NOW, THEREFORE, in consideration of the mutual promises and covenants set forth herein and other good and valuable consideration, the receipt and sufficiency of which are hereby acknowledged, and in reliance upon the representations, warranties, conditions and covenants contained herein, and intending to be legally bound hereby, the parties hereto do hereby agree as follows:
ARTICLE I
DEFINITIONS
Section 1.01 Definitions.
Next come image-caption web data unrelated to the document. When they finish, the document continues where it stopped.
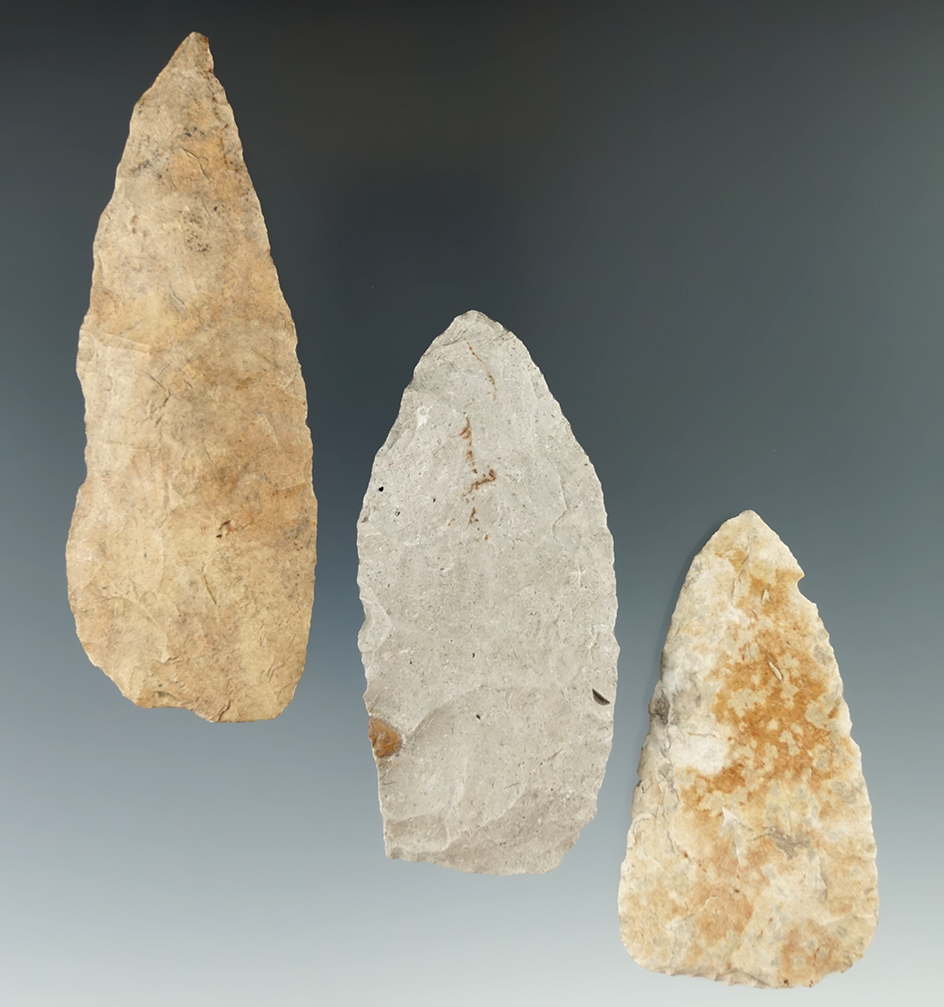 So the three flint knives from the Michigan, largest is 4 1/4".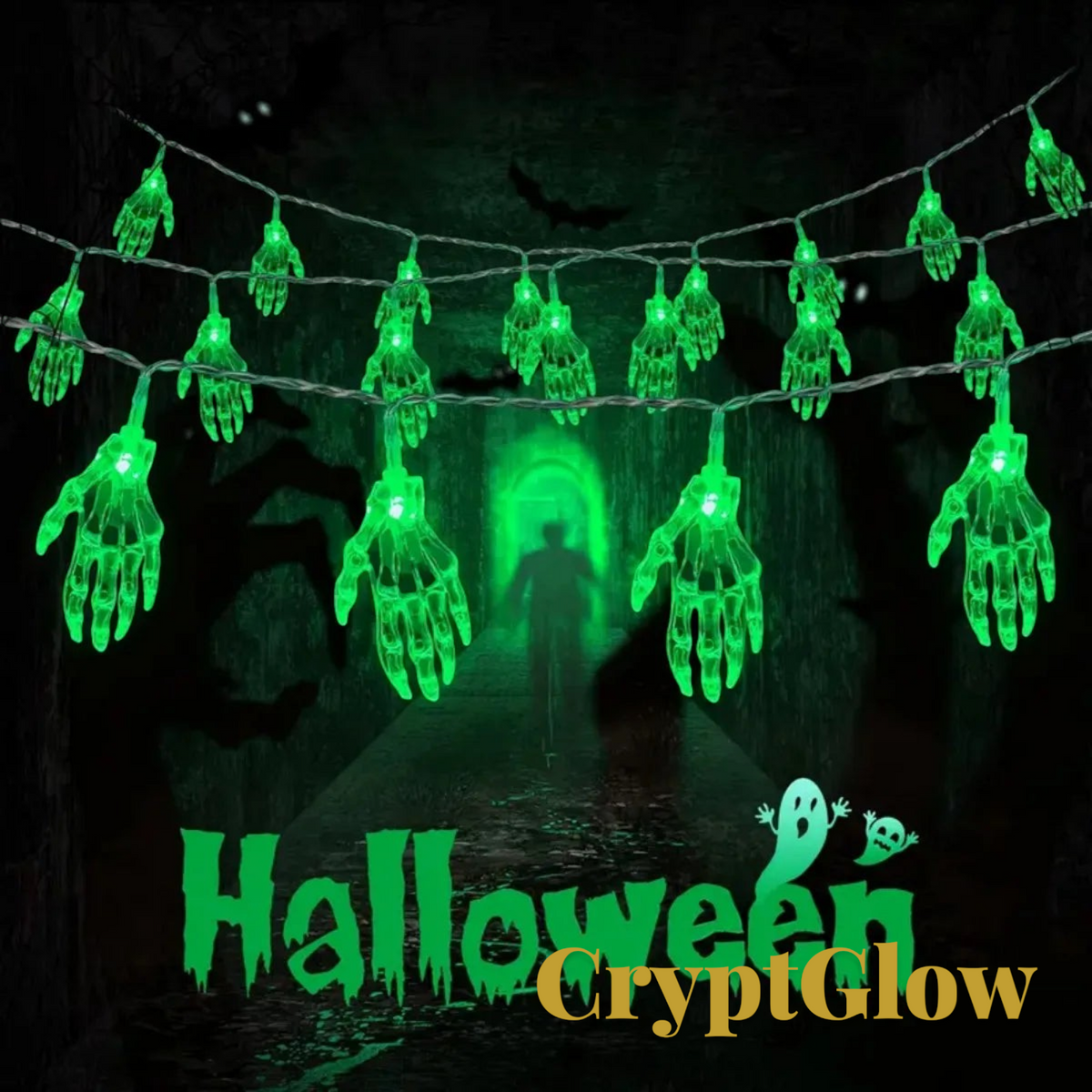 Gr8est CryptGlow battery-powered string lights featuring 20 green glowing plastic skeleton hands for Halloween decor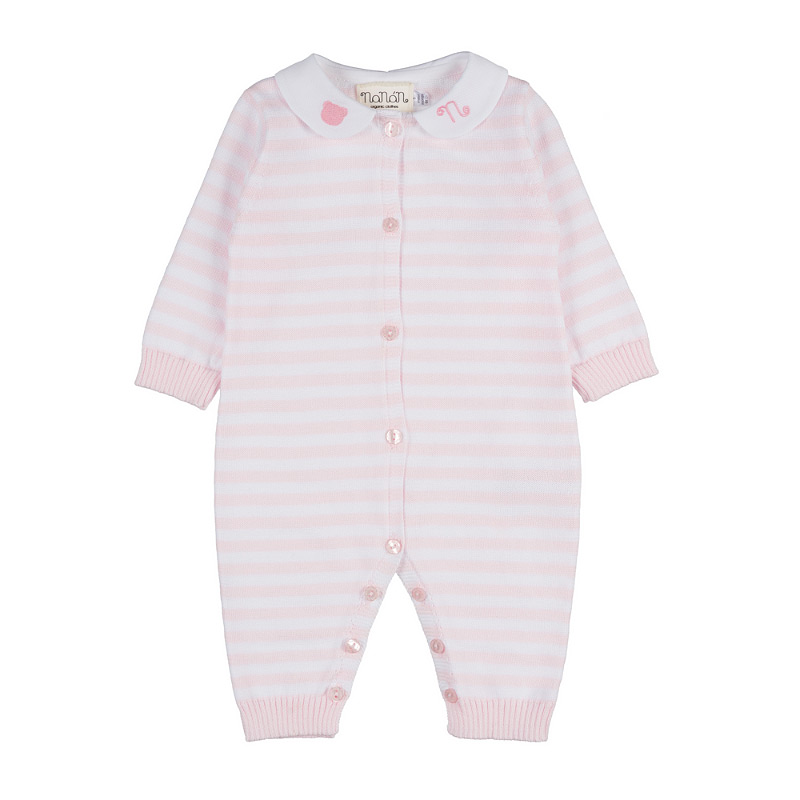 Pink striped babygro front opening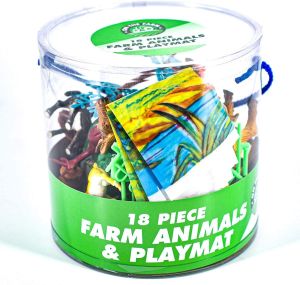 18 Piece Farm Animal Play Set in Tub Farming Playset with Toy Farm Animals Play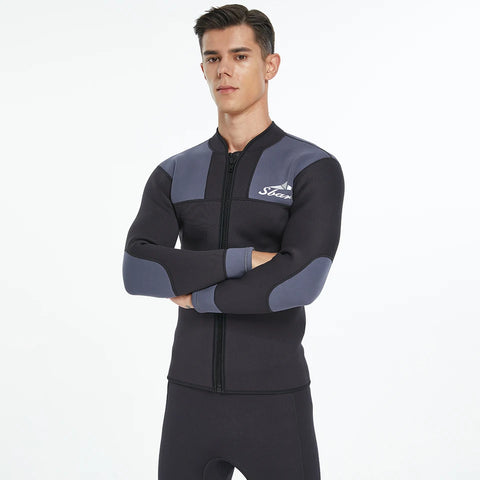 3mm Fleece Lined Wetsuit Jacket Neoprene Top Front Zip Thermal Diving Suit Upper for Men Women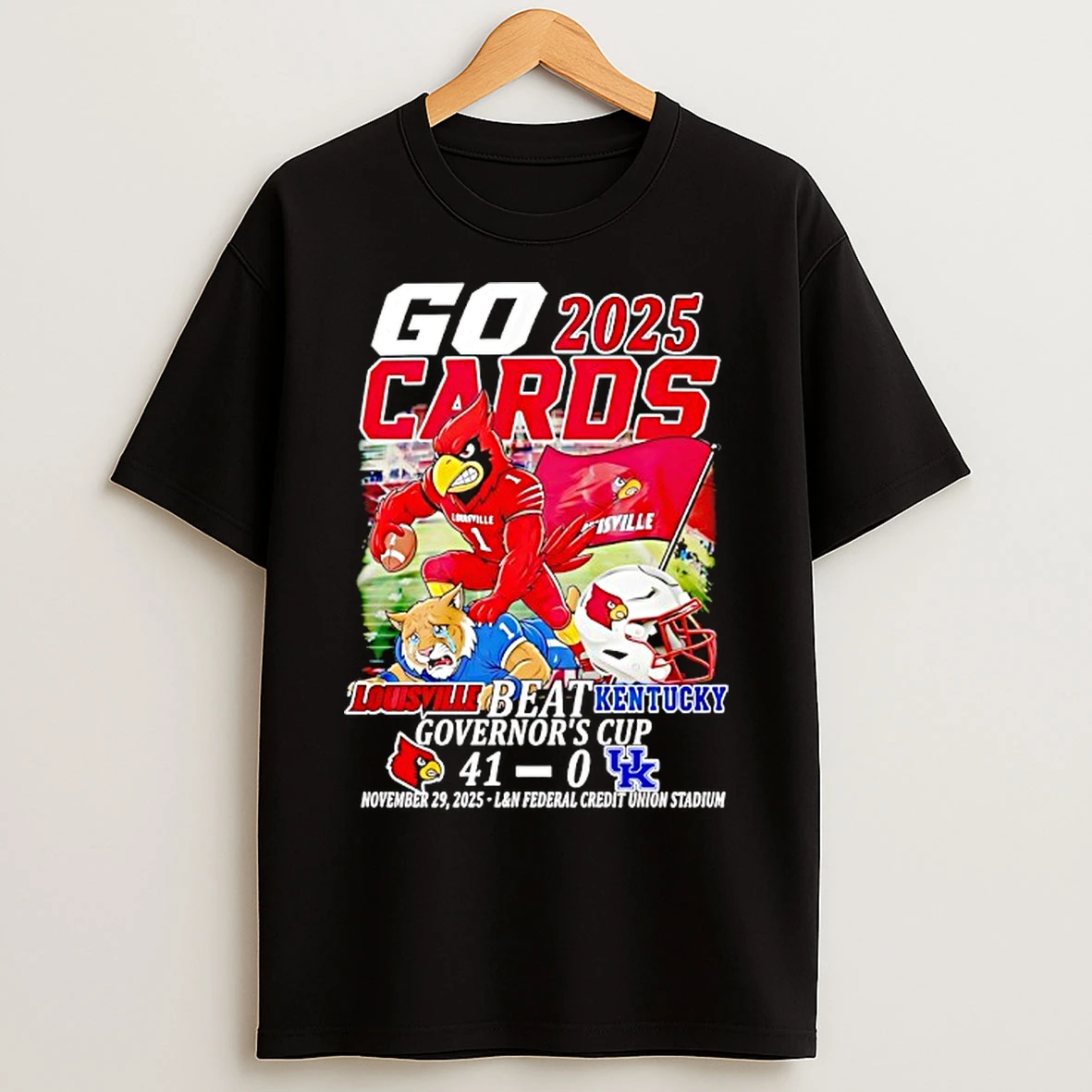 Classic Louisville Cardinals Beat Kentucky Wildcats 41 0 2025 Go Cards T Shirts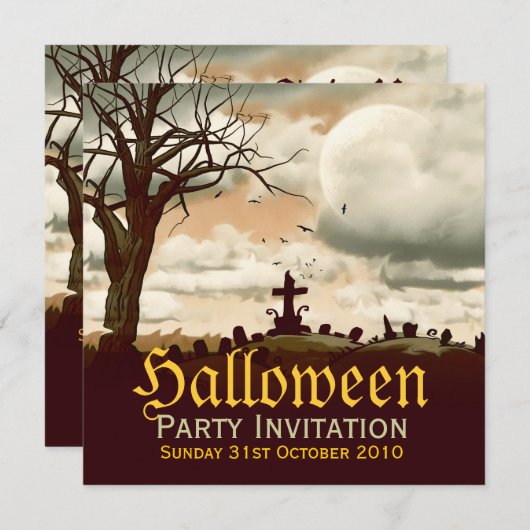 Vintage Halloween Graveyard Full Moon Uitnodiging (Voorkant / Achterkant)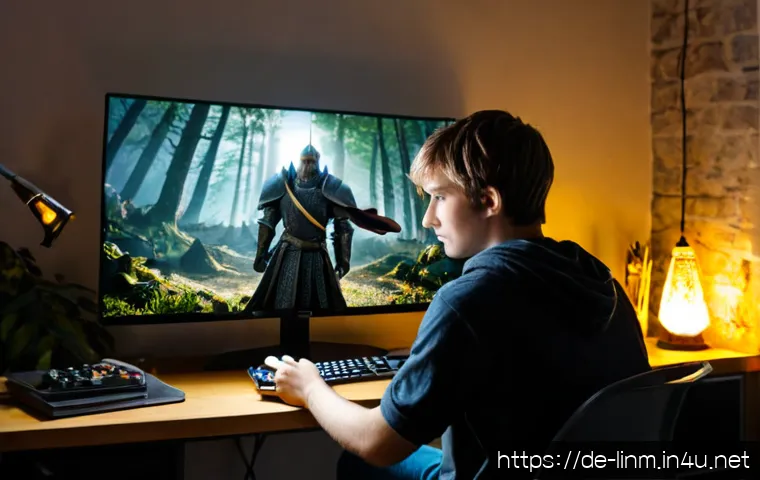 Home 17 리니지M 레벨업 빠른 경로 - Photorealistic young German adult gamer at a tidy desk in a modern Berlin apartment, holding a smart...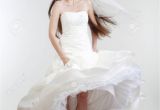 Formal Hairstyles Strapless Dresses Portrait Od A Bride with Long Dark Hair In Wedding Dress isolated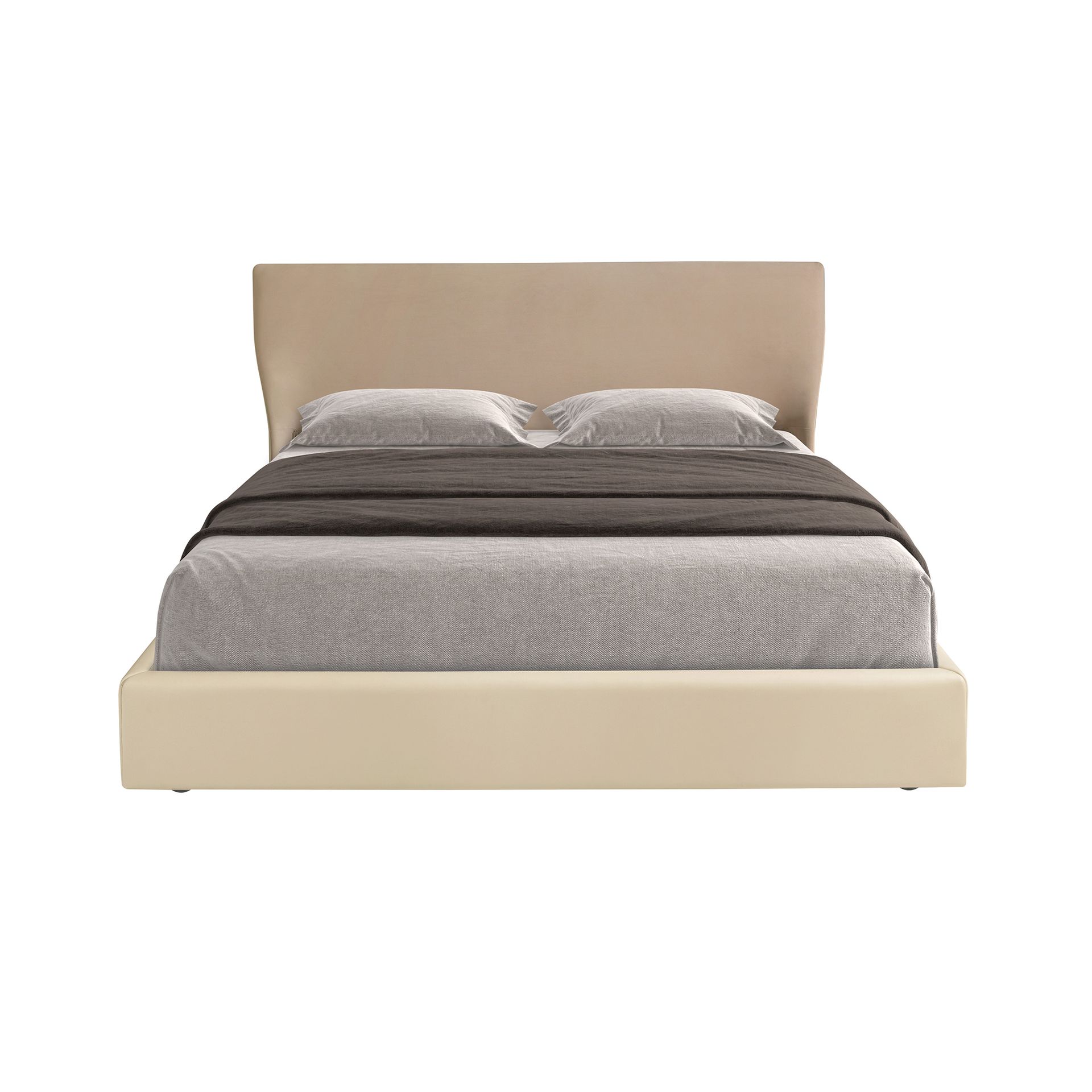 Brown velvet and cream leatherette bed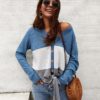 Casual Long Sleeve Lace Up Sweater Top - Image 3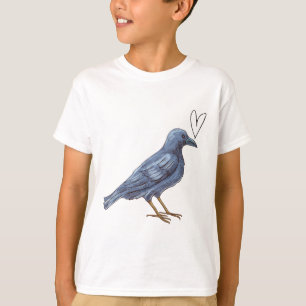 Krähe Liebe schwarzer Vogel mit Herz T-Shirt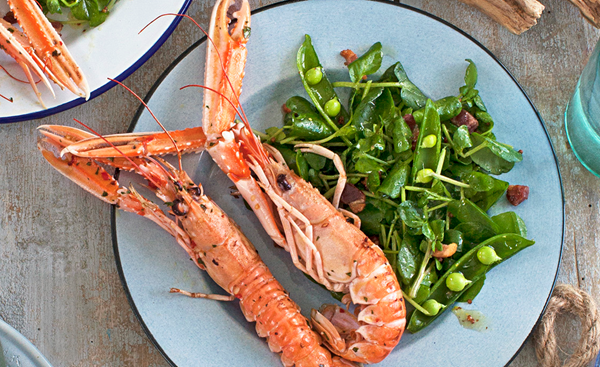 Langoustines with pea and crispy lardon salad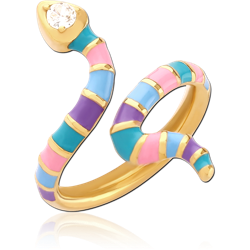 GOLD PVD COATED SURGICAL STEEL GRADE 316L JEWELED RING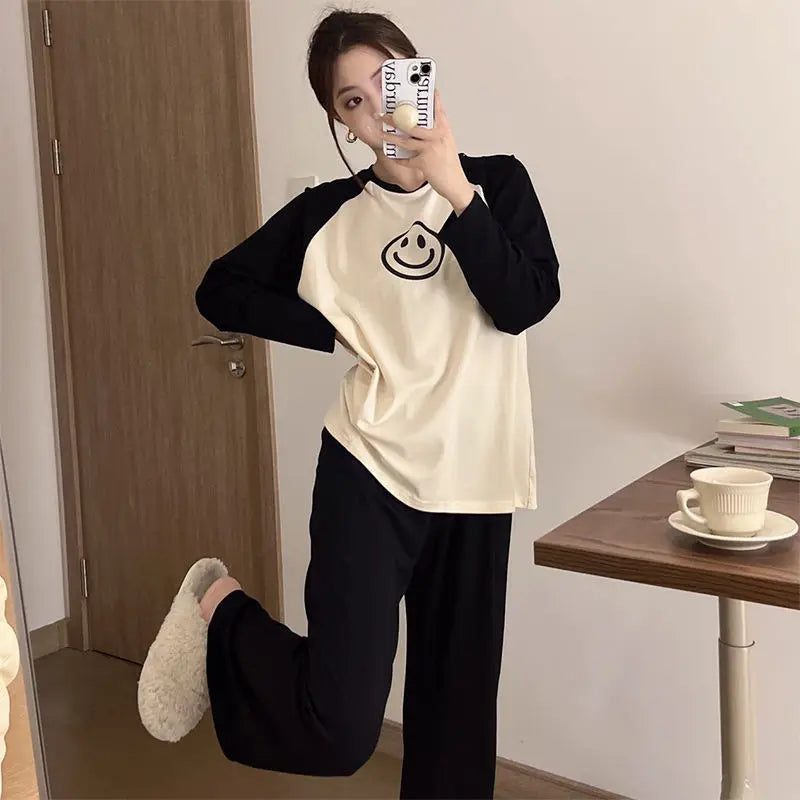 Women Spring Autumn Pajamas Set Female Solid Long-sleeved Pant Home Clothing Simple Loose Casual Smile Face Print Sleepwear XXL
The following terms shall have the respective meanings set forth below throughout this Agreement:
"Additional Liability Reserve" shall mean an aggregate amount equal to [*] comprised of liability relating to (a) certain Coinsured Contracts and (b) the surrender value relating to certain partial withdrawals relating to Coinsured Contracts.
"Adjusted Ceding Commission" means the Ceding Commission as adjusted to reflect the actual closing level of General Account Reserves, and Tax Reserves as follows:
(a) To the extent that Tax Reserves as of the Effective Date are lower than General Account Reserves as of the Effective Date for the Coinsured Contracts by an amount greater than three million dollars ($3,000,000), the Ceding Commission will be lowered by an amount equal to 35% of the amount by which such difference is in excess of three million dollars ($3,000,000).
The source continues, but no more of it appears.